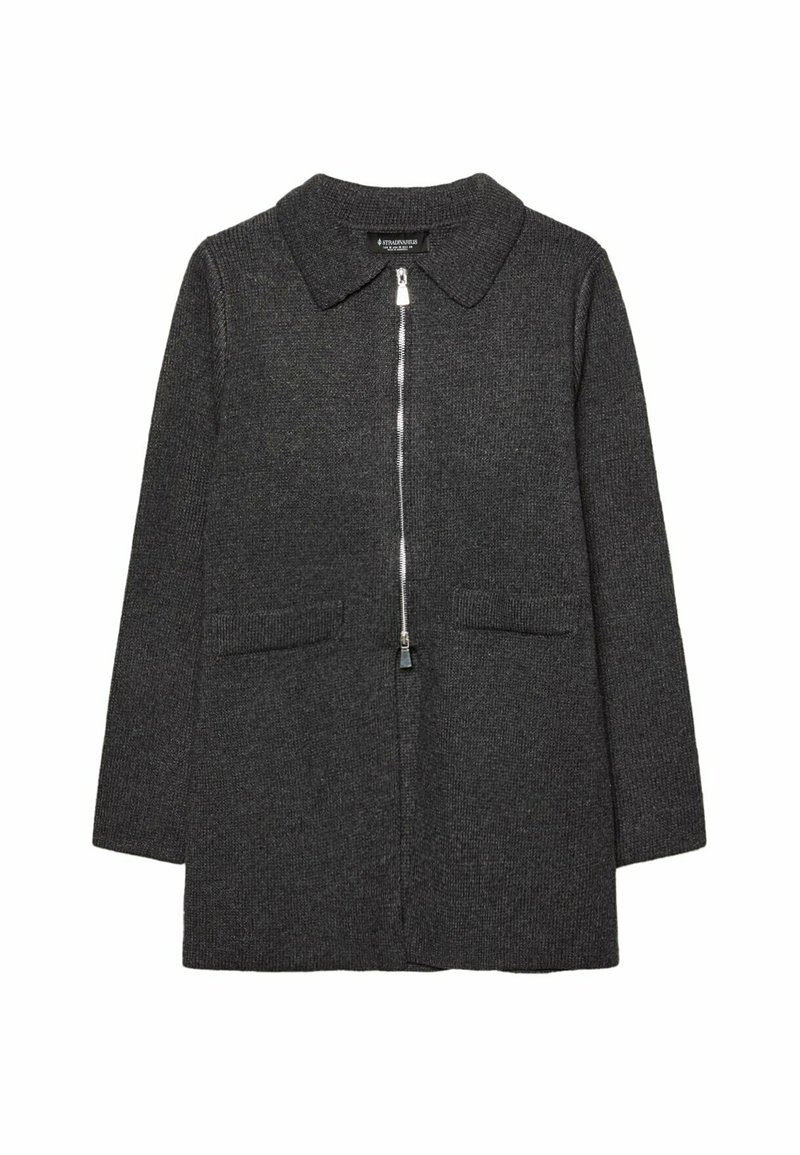 Cardigan en tricot gris foncé avec un col, fermeture éclair sur le devant et deux poches avant. Texture douce et coupe décontractée.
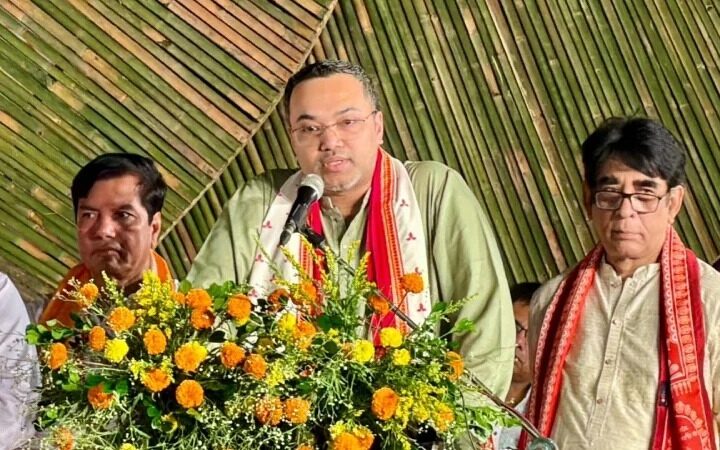 সংখ্যালঘু-সংখ্যাগুরুর বিভাজন নয়, সবার পরিচয় হবে বাংলাদেশি: মাহদী আমিন
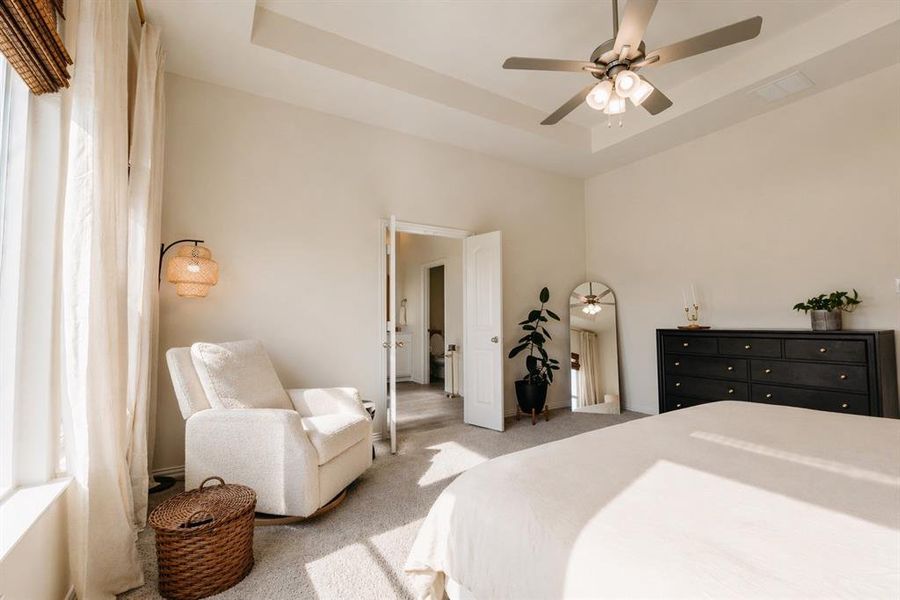 Recessed ceiling with an overhead fan and lighting fixture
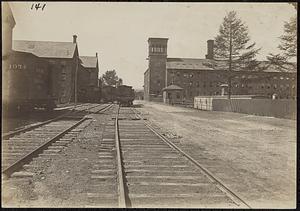 #3 overflow along Race Street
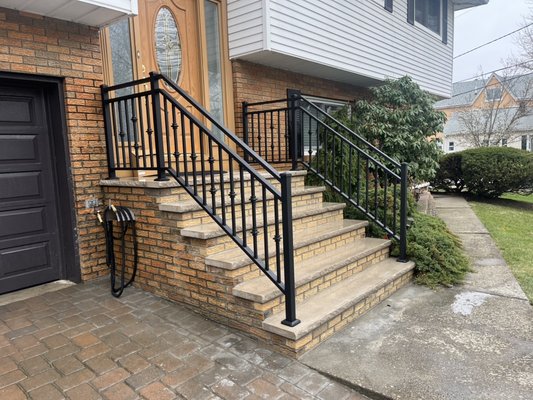 Aluminium Railing - This railing was placed in the front of the house and the costumer was very happy he saw it! Aluminium Railing - This railing was placed in the front of the house and the costumer was very happy he saw it!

----

- [THE TASK]
From the line containing "সংখ্যালঘু-সংখ্যাগুরুর বিভাজন নয়, সবার" to the final line above, both included, transcribe every line exactly and leave all pictures out.

- [RESPONSE AREA]
 সংখ্যালঘু-সংখ্যাগুরুর বিভাজন নয়, সবার পরিচয় হবে বাংলাদেশি: মাহদী আমিন
 Recessed ceiling with an overhead fan and lighting fixture
 #3 overflow along Race Street
 Aluminium Railing - This railing was placed in the front of the house and the costumer was very happy he saw it! Aluminium Railing - This railing was placed in the front of the house and the costumer was very happy he saw it!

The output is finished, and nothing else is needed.